On March 19, Representative Steve LaTourette (R-OH) —a member of the House Appropriations Subcommittee on Transportation, Housing and Urban Development, and Related Agencies—and Representative Marcia Fudge (D-OH) introduced the Restore our Neighborhoods Act of 2012, H.R. 4210. The bill would provide $4 billion for states and established land banks to issue 30-year demolition bonds, called Qualified Urban Demolition Bonds (QUDB), to demolish vacant, foreclosed, and abandoned homes.

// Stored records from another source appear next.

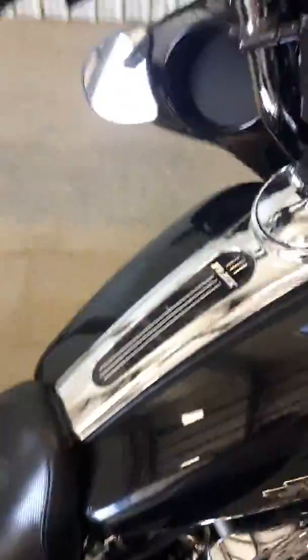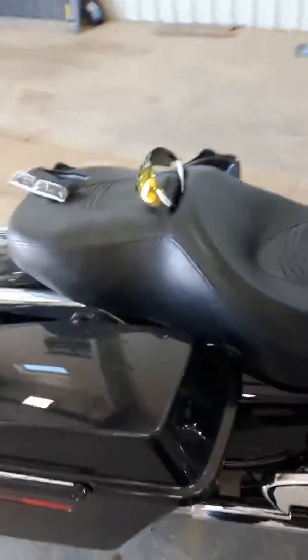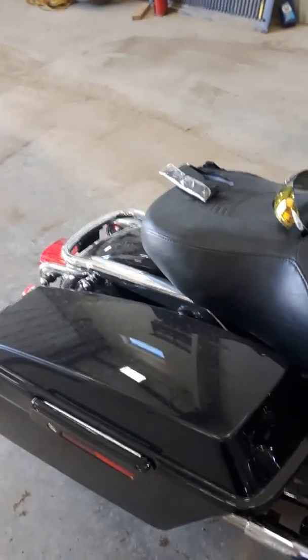My 06 Street Glide. It's got a Screaming Eagle exhaust. I'm gonna attempt to pull the baffles.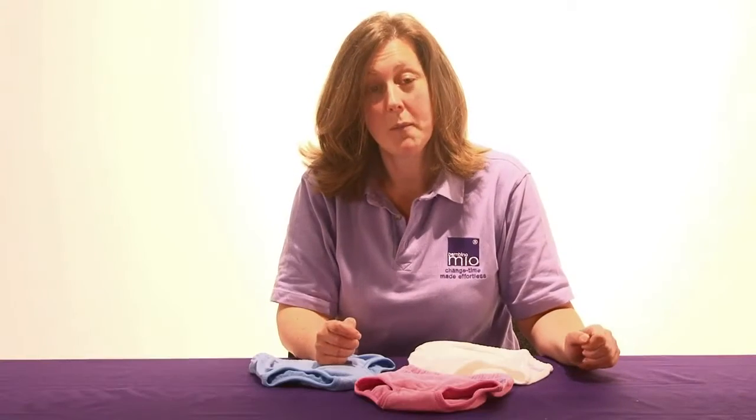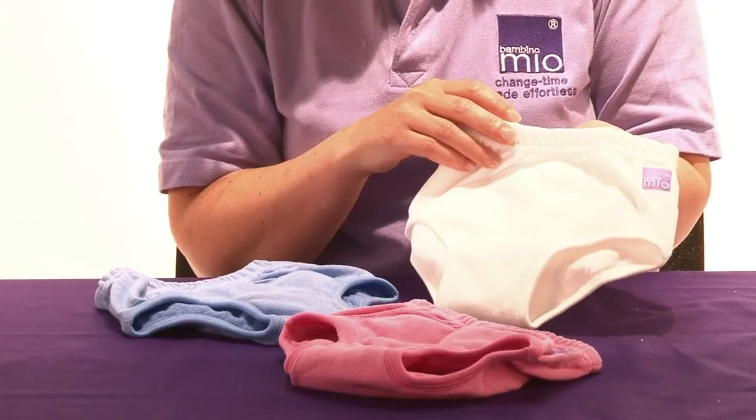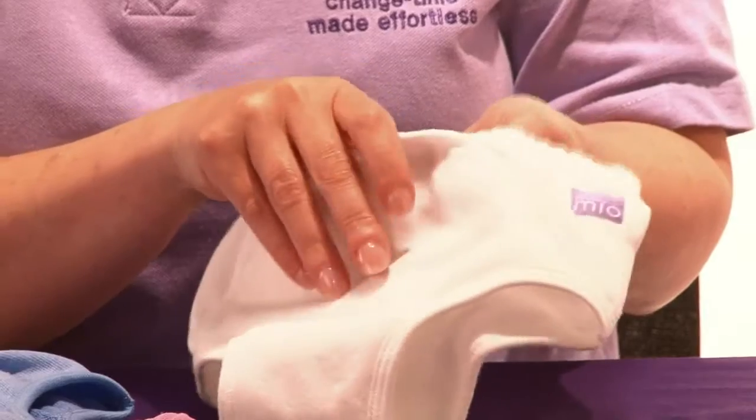Hi, my name is Jo and I'm from Bambino Mio. The Bambino Mio training pants are made from a super soft cotton terry fabric and have a concealed absorbent pad and waterproof layer inside.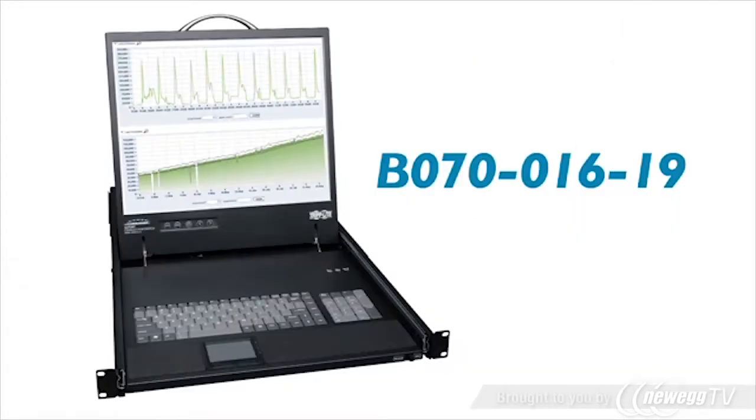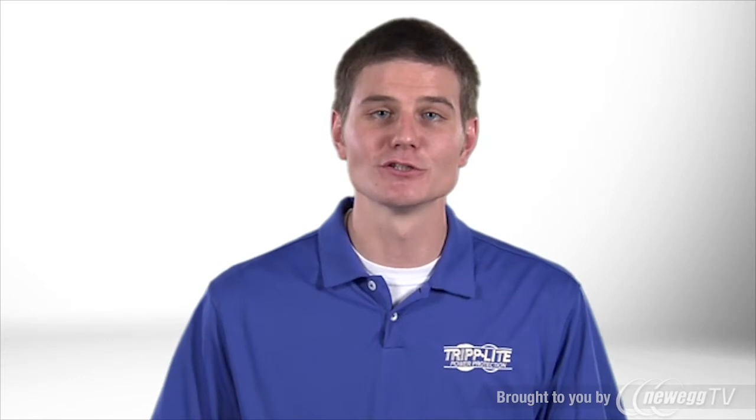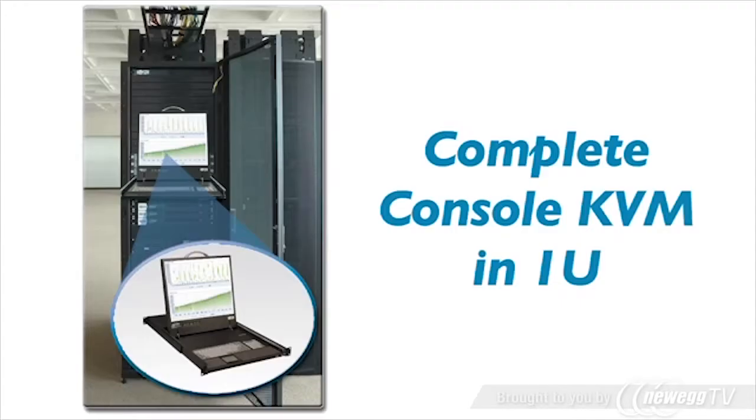TripLite's B070-016-19 console KVM allows you to control multiple servers from a single console. A full-size keyboard, touchpad, fold-away 19-inch color LCD, and 16-port KVM switch are all combined in a space-saving 1U rack housing.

Of the $4 billion allocated to the bond fund, $2 billion would be provided evenly to all states and $2 billion would be divided amongst states that have been hardest hit by the foreclosure crisis. Qualification as a hardest-hit state would be based on factors including unemployment, vacant housing rates, and foreclosure rates. States would have two years to issue the demolition bonds before their allocations would be redistributed to hardest-hit states.
At a press conference announcing the legislation, LaTourette and Fudge emphasized the need to remove uninhabitable and blighted properties from neighborhoods to help preserve property values. LaTourette said that in many neighborhoods, the only option is to demolish abandoned properties and replace them with new structures.
The funding would complement the federal Neighborhood Stabilization Program (NSP), of which 10 percent of funding can be used for demolition. The bill would also allow hardest-hit states, such as Ohio, to use up to their entire NSP allocation for demolition.